According to the Global Wealth Report, 1.1 percent of the world’s adult population own almost 46 percent of all private wealth. Despite Corona, the amount rose to $ 418 trillion. However, only some regions and countries benefit.
WITHBetween January and March 2020, the coronavirus pandemic wiped out private fortunes of $ 17.5 trillion. However, the upswing in share prices and real estate prices that began afterwards pushed total household wealth around the world by 7.4 percent to $ 418 trillion for the year as a whole. Adjusted for exchange rate effects, the increase was 4.1 percent. This is what the major Swiss bank Credit Suisse (CS) calculated and published on Tuesday in its “Global Wealth Report 2021”. Accordingly, each of the 5.2 billion adults on this earth has a fortune of around 80,000 dollars.
But this average conceals the fact that wealth is very unevenly distributed. While the gap between rich and poor had closed slightly in the four years before Corona, it widened again last year.

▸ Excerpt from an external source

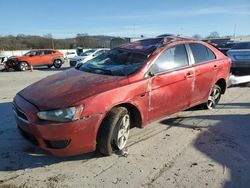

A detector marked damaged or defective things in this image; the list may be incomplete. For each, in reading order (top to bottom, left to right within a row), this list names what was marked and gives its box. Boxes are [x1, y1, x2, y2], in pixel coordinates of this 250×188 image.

dented hood [18, 68, 128, 110]
damaged red car [12, 36, 231, 156]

Three million dollar millionaires in Germany
According to the calculations of the Credit Suisse Research Institute, 1.1 percent of the adult population own just under 46 percent of private wealth, a total of 192 trillion dollars. In 2019, the global wealth share of millionaires and billionaires was 43 percent. At the bottom of the wealth pyramid, the rich are compared to 2.9 billion people, or 55 percent of the population, each with less than $ 10,000. Together they hold 1.3 percent of all assets after 1.4 percent in the previous year.

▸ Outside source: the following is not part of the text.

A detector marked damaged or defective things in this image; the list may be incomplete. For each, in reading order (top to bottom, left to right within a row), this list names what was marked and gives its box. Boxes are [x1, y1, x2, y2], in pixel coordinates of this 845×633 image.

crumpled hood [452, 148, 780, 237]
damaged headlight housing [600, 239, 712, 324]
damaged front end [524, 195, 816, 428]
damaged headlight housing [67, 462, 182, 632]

This development reflects the fact that many governments in richer countries provided emergency aid during the pandemic and took employment policy measures that contained the income losses of the residents. In poorer countries, however, many people lost jobs and wages, especially women and young people working in service industries such as hospitality.
A regional analysis reveals that wealth in North America, Europe, China and the Asia-Pacific region rose significantly in 2020, while it fell in Latin America and India. In addition to exchange rate effects, the composition of the respective stock markets plays a role, said CS manager Nannette Hechler-Fayd’herbe in an interview with journalists. For example, the American stock market has benefited from the dominance of large technology companies, whose share prices were even boosted by the pandemic. In addition, when compared internationally, Americans hold an above-average proportion of their wealth in stocks.
According to this, there are 22 million dollar millionaires in the United States, 5.3 million in China and just under 3 million in Germany. If you put the millionaires in relation to the number of adult residents, Switzerland is the undisputed leader with just under 15 percent. It is followed by Australia (9.4 percent), the United States (8.8), Hong Kong (8.3) and the Netherlands (7.7). With a millionaires share of 4.3 percent, Germany is not in the top ten. In 2015 the proportion was only 2.5 percent.